Capítulo 14 – Te alabo porque eres mi fuente de Amor

Mi amor de amores. Pienso en ti y es como si hubiera una fuente de agua que se vierte sobre mi alma. Eres el agua viva más pura de toda la existencia y por eso mereces que te alabemos.

Eres genial. Sentir Tu presencia me lleva a recordar como la pureza sí existe y la encuentro en Ti. Por eso mi Dios te alabo porque nadie podría hacer lo que sólo Tú sabes, que es dispersar el amor verdadero.

Muchas personas por ciertas razones han querido evitar que otras personas te conozcan, pero es por lo dañadas que están, pero yo mi Señor me comprometo contigo a alabarte y darte a conocer a los demás.

Sé que ni escribiendo mil libros podría expresar ese sentir que recibo cada vez que te alabo en todo momento, cada vez que cierro mis ojos y puedo percibir tu presencia.

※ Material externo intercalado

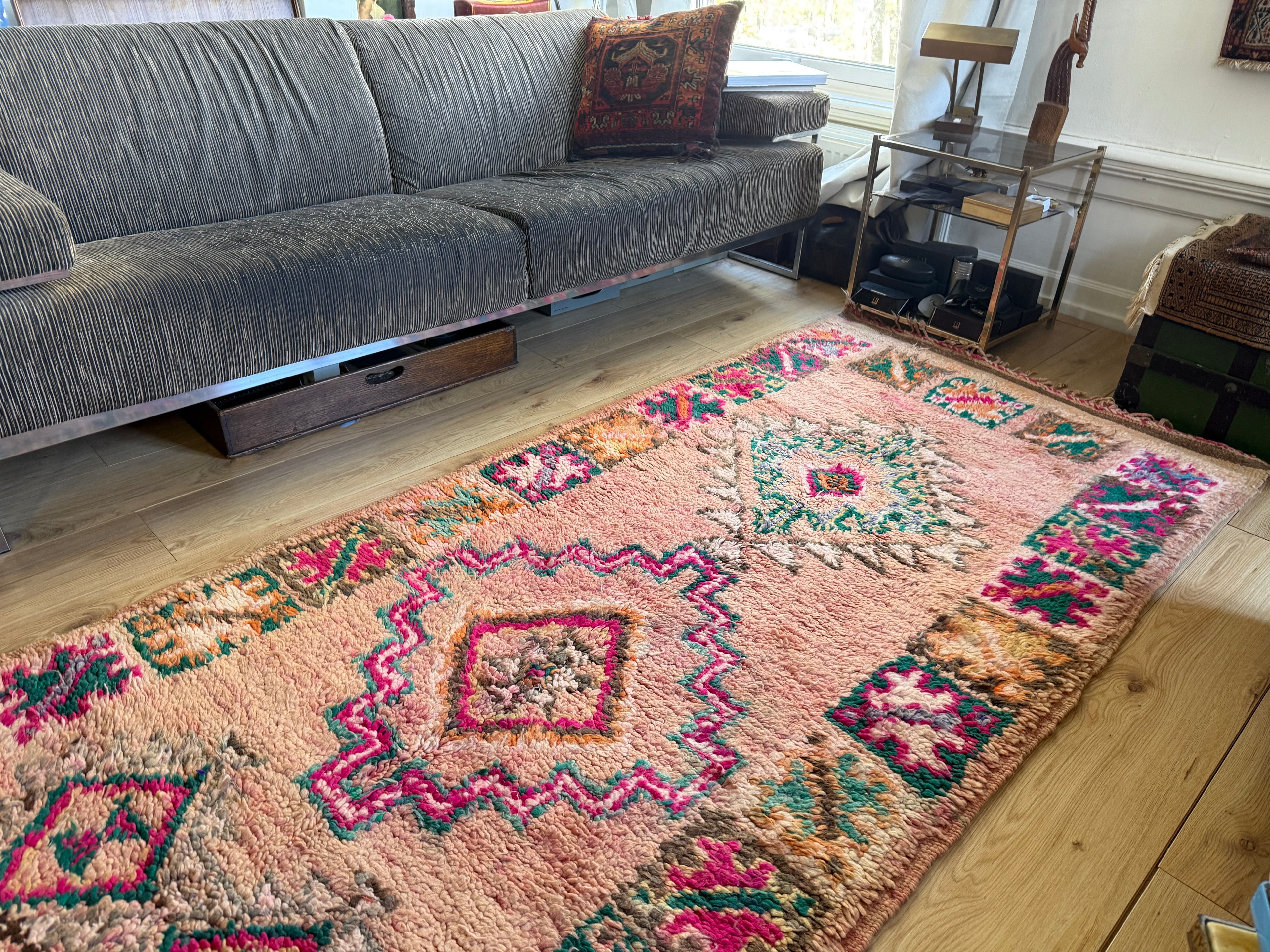Vintage Moroccan runner in soft pink wool – 416 × 115 cm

Eres maravilloso mi Dios, eres Santo. Tú amor transforma el odio en paz, tu amor convierte un acto malo en bondad, porque de Tú fuente de amor sólo surge perdón.

Te alabo mi Señor porque con tu amor me has hecho comprender que es posible volver a amar, que es posible perdonar a quienes me han dañado, es más, con Tú amor me recuerdas que la sangre derramada de tu hijo es suficiente para recordarle al mundo que ya no es necesario que otros hermanos mueran a causa de las armas.

Bendito siempre mi Señor, alabado seas porque con tu amor yo puedo ser una nueva persona, y sé que aun cuando me vuelva a equivocar Tú con tu amor me levantas, por eso ahora más que nunca siento más fuerte ese compromiso de enmendar mis errores, porque no quiero mantenerme lejos de Tú amor, sino todo lo contrario, quiero permanecer unido a este manantial de agua viva porque sé que aquí contigo mi alma nunca tendrá sed.

Bendito eres mi Señor, mi más grande fuente de amor.